On April 2, 2004, the Company entered into a purchase agreement (the "Purchase
Agreement") with Coconut Palm Capital Investors I, Ltd. ("Coconut Palm"),
pursuant to which, Coconut Palm agreed to purchase from the Company up to
2,000,000 units for a purchase price of $9.00 per unit, subject to certain
closing conditions, including shareholder approval. Each unit (a "Unit") would
consist of (i) 1 share of common stock, par value $0.10 (the "Common Stock"), of
the Company (ii) a warrant to purchase 1 share of Common Stock at an exercise
price of $10.00 per share with a term of 3 years, (iii) a warrant to purchase
1/2 share of Common Stock at an exercise price of $11.00 per share with a term
of 4 years and (iv) a warrant to purchase 1/2 share of Common Stock at an
exercise price of $15.00 per share with a term of 5 years.

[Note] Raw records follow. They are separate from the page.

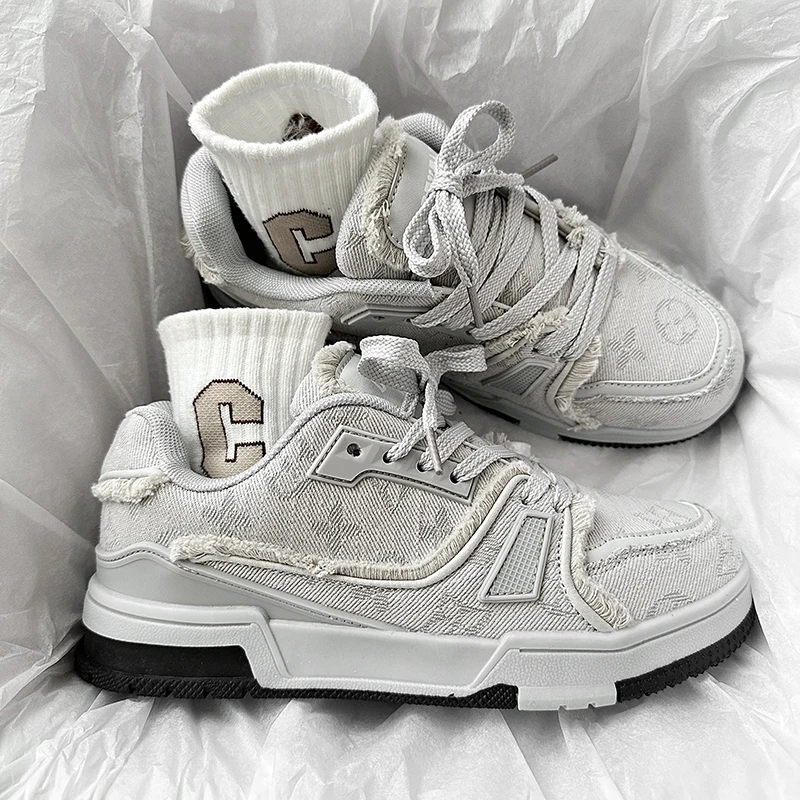 Hochwertige Unisex-Boardschuhe mit dicken Sohlen, modische, trendige Outdoor-Freizeitschuhe, bequem, verschleißfest, für Herren und Damen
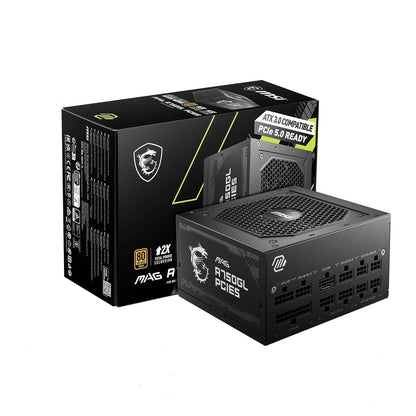 MSI MAG A750GL PCIE5 750W 80 Plus Gold SMPS Fully Modular ATX 3.0 Power Supply Unit - Black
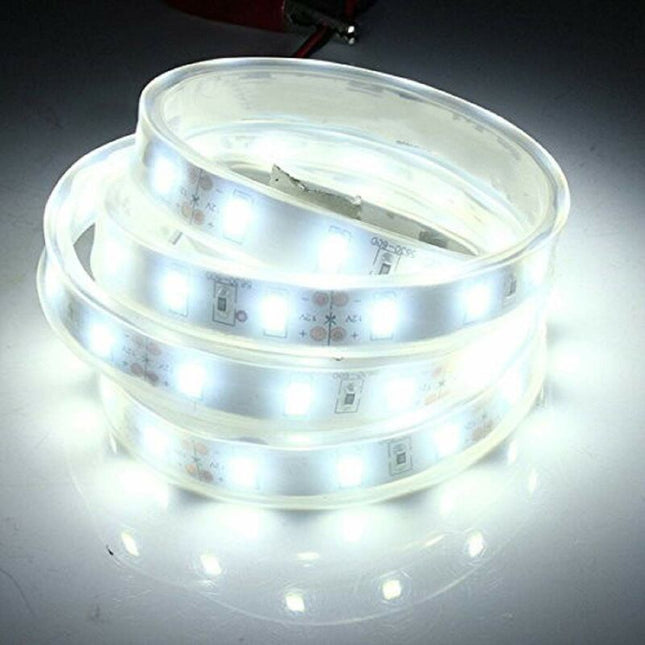 5M 5630 Smd LED Silicone Strip Light Cool White Waterproof 12V.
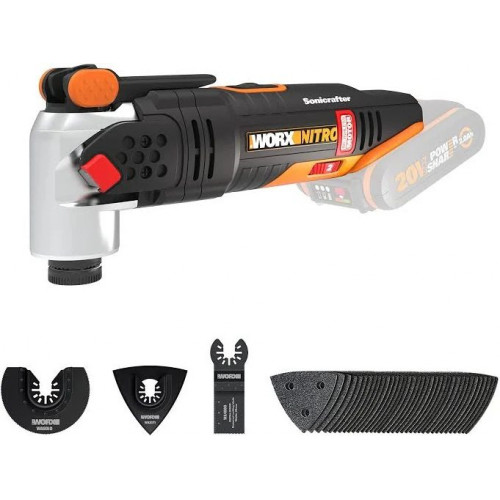 Multiherramienta Sonicrafter Brushless 20V Worx WX693.9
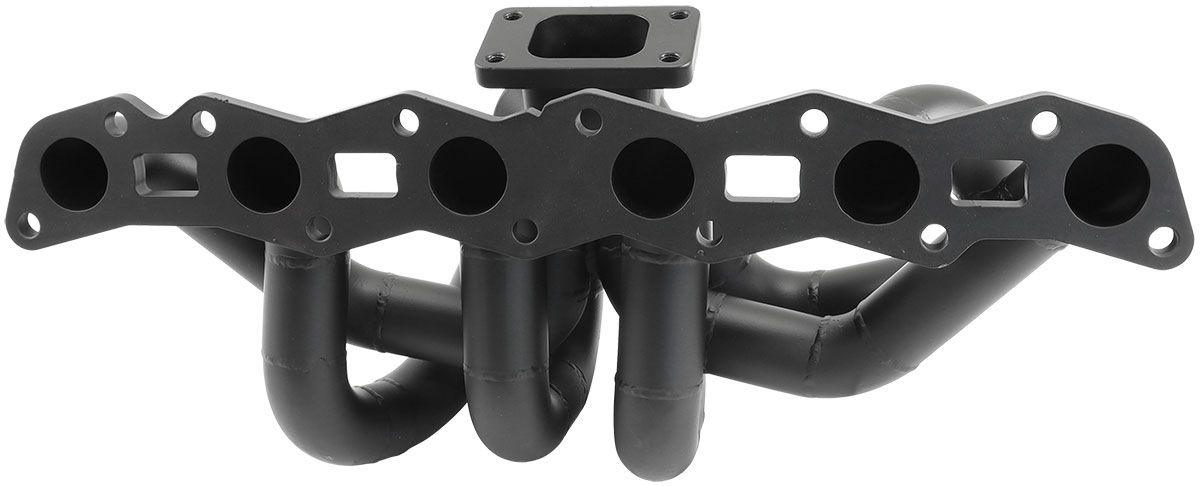 Aeroflow Performance Suits High Mount GT30-GT35 Turbo, with 50mm External Wastegate Flange Aeroflow Nissan RB30 T3 Turbo Manifold AF8247-6000 SR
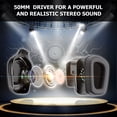 thumbnail image 4 of Gaming Headset for PS4 Xbox One, ONIKUMA Over Ear Gaming Headphones with Mic Stereo Surround Noise Reduction LED Lights Volume Control for Laptop, PC, Tablet, Smartphones, 4 of 7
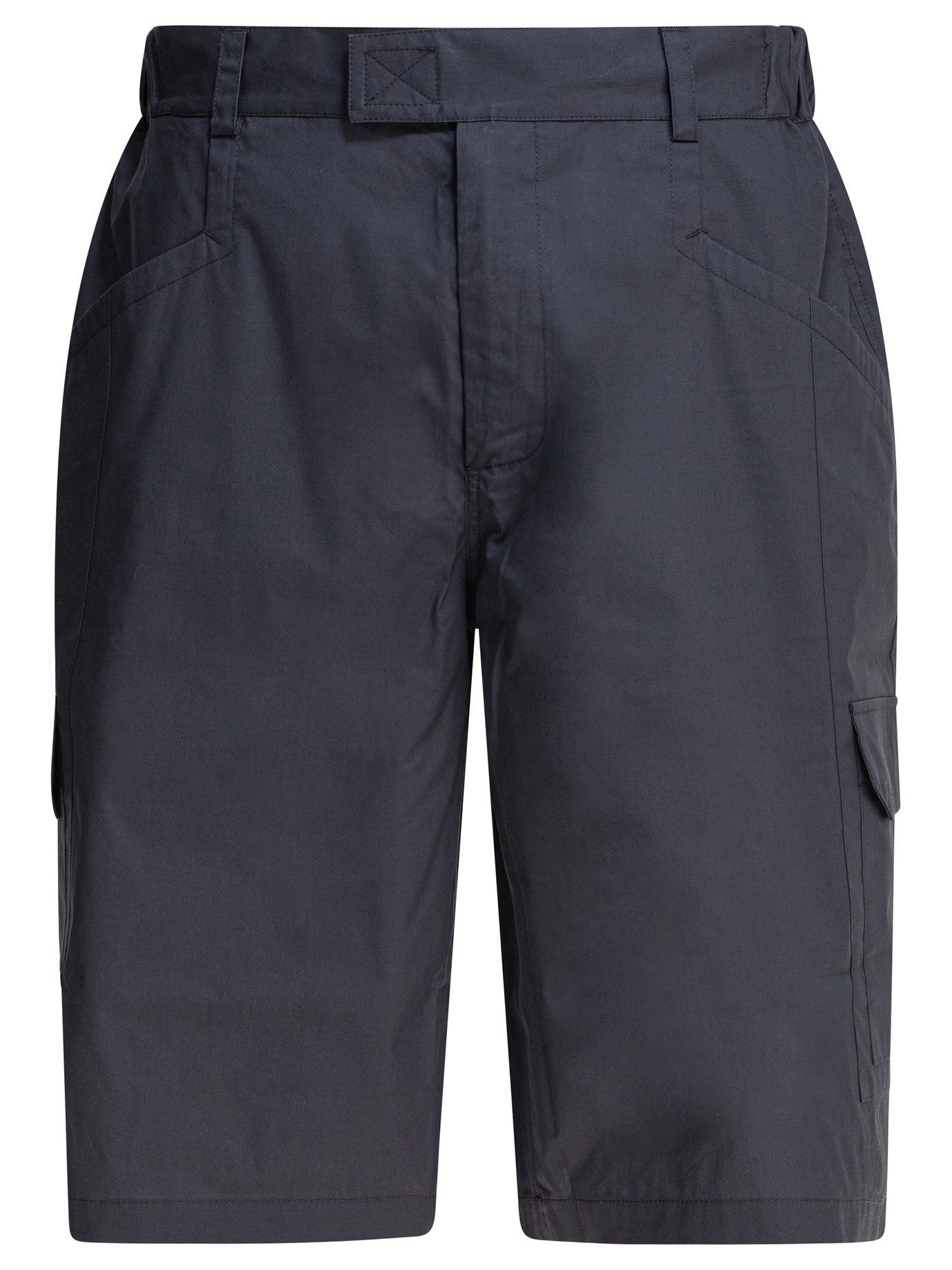 Grey Cotton Shorts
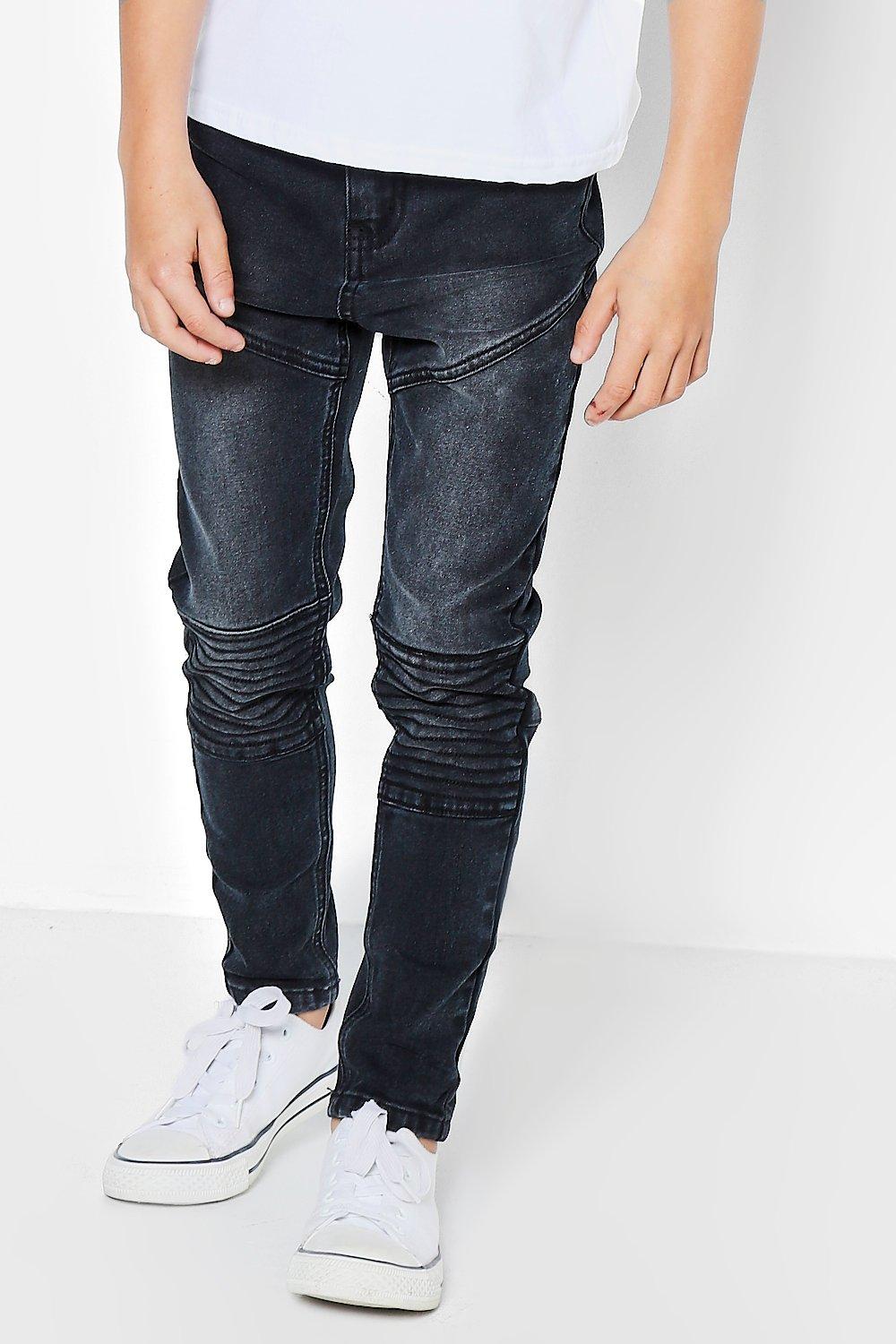 boys skinny biker jeans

Based on that number and the number of shares of Common Stock of the Company
outstanding on April 9, 2004, Coconut Palm will acquire up to approximately
36.6% of Common Stock outstanding immediately after the closing of the Purchase
Agreement. Coconut Palm will also be entitled, on a fully diluted basis, to
acquire up to 58.7% of the Common Stock of the Company outstanding immediately
after the closing of the Purchase Agreement (including shares acquired at
Closing) upon exercise of the warrants. In addition, Coconut Palm has designated
two individuals, Richard C. Rochon and Mario B. Ferrari, to be nominated to the
Company's board of directors, subject to closing of the transactions
contemplated by the Purchase Agreement.

In connection with the Purchase Agreement, Donald L. Smith, Jr., the Company's
Chairman, Chief Executive Officer and President and certain relatives and
affiliates of his entered into a voting agreement, dated April 2, 2004 (the
"Voting Agreement"). Pursuant to the terms of the Voting Agreement, they agreed
to vote their beneficially owned shares of Common Stock in favor of the issuance
and sale of the Units by the Company to Coconut Palm at a special meeting of the
Company and grant Coconut Palm an irrevocable proxy to vote such shares of
Common Stock (i) in favor of the transactions contemplated by the Purchase
Agreement and (ii) against any actions or approval that could compete with or
could serve to materially interfere with, delay, discourage adversely or inhibit
the timely consummation of the transactions contemplated by the Purchase
Agreement. The Voting Agreement terminates upon the earlier to occur of (i) the
consummation of the transactions contemplated by the Purchase Agreement, (ii)
any termination of the Purchase Agreement in accordance with its terms or (iii)
the withdrawal by the Company's board of directors of its approval of the
transactions contemplated by the Purchase Agreement in accordance with the
Purchase Agreement.

In connection with the investment by Coconut Palm, the Company plans to enter
into the security services business. The Company entered into an employment
agreement (the "Employment Agreement") with Stephen J. Ruzika on April 2, 2004
under which he would become the Company's Executive Vice President and President
of Devcon's Security Services Division. The effectiveness of the Employment
Agreement is conditioned upon the closing of the transactions contemplated by
the Purchase Agreement. Under the employment agreement, the Company would pay
Mr. Ruzika an annual salary of $325,000 plus any bonuses which the Compensation
Committee determines to pay him. The terms of the Employment Agreement provide
that, upon effectiveness, Mr. Ruzika would be granted 50,000 options
with an exercise

26

price of $9.00 per share. The Employment Agreement has a three-year term,
which may be extended by the parties.

The Company has entered into a nonbinding letter of intent to purchase a company
managed and controlled by Mr. Ruzika for approximately $4 million, subject to
certain purchase price adjustments. The Company anticipates paying the purchase
price with a combination of cash and shares of the Company's Common Stock. This
contemplated acquisition of Mr. Ruzika's company will be conditioned upon the
Company closing upon the issuance of the Units described above.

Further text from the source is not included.